1984
Trumpeter Swans
September 1984


“Trumpeter Swans,” Friend, Aug.–Sept. 1984, 19

Exploring:

Trumpeter Swans

Dark shadows stretched across the still lake as the trumpeter swans floated across the reflection of Mt. McKinley. Some of the big white birds’ tails tipped up as they searched beneath the water for the tender parts of aquatic plants to eat. Other swans slept with their heads tucked against their wings. Those swans still awake combed their sleek feathers with long black bills.

Occasionally a loud brassy call echoed through the quiet evening. The thick birch trees of the Alaskan forest were beginning to turn yellow as autumn approached. The swans were gathering together for the southward migration.

Crouching in the bushes on the shore, Mary Anne, my four-year-old daughter, and I studied the big graceful birds. Most were gleaming white, but five were a dusty gray color that marked them as cygnets, swans less than a year old. These five all belonged to one pair of adult swans. Most other kinds of birds we had seen raised many more babies than this, so we wondered why only one pair of swans out of the whole flock succeeded in raising a family.

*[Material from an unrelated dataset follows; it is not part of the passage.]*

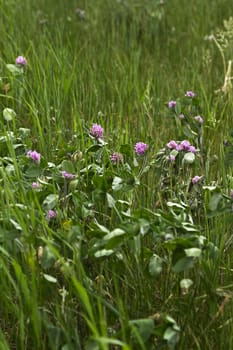 Small purple clover flower in grass field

Trumpeter swans are still considered an endangered species, although their near relatives, the whistling swans, are found in considerably greater numbers. When white men first came to North America, trumpeter swans were common in all of the north, west, and central parts of the continent. As men moved into the swans’ territory, they killed the birds for their fine white feathers, which were used to adorn ladies’ hats, and for their soft swanskins.

By the 1930s there were fewer than a hundred trumpeter swans. In 1935 the first refuge designed to save the swans was established at Red Rock Lakes in Montana. Of all the efforts made to save a critically endangered species, the Red Rock Lakes Refuge has been one of the most successful. The number of trumpeter swans is now increasing, and hundreds of these elegant birds have moved back into their old territory.

Swans mate between the ages of four and six, and they remain with their partners for life. Both the pen (female) and the cob (male) help raise the cygnets. Scientists have found that swans will not nest and try to raise a family unless they have a medium-size lake, or at least several hundred acres of a larger lake, mostly to themselves. Those that do find a suitable unoccupied area build large nests of grass on a lump of earth or on a muskrat house surrounded by water. The pen lays three to nine eggs in the nest.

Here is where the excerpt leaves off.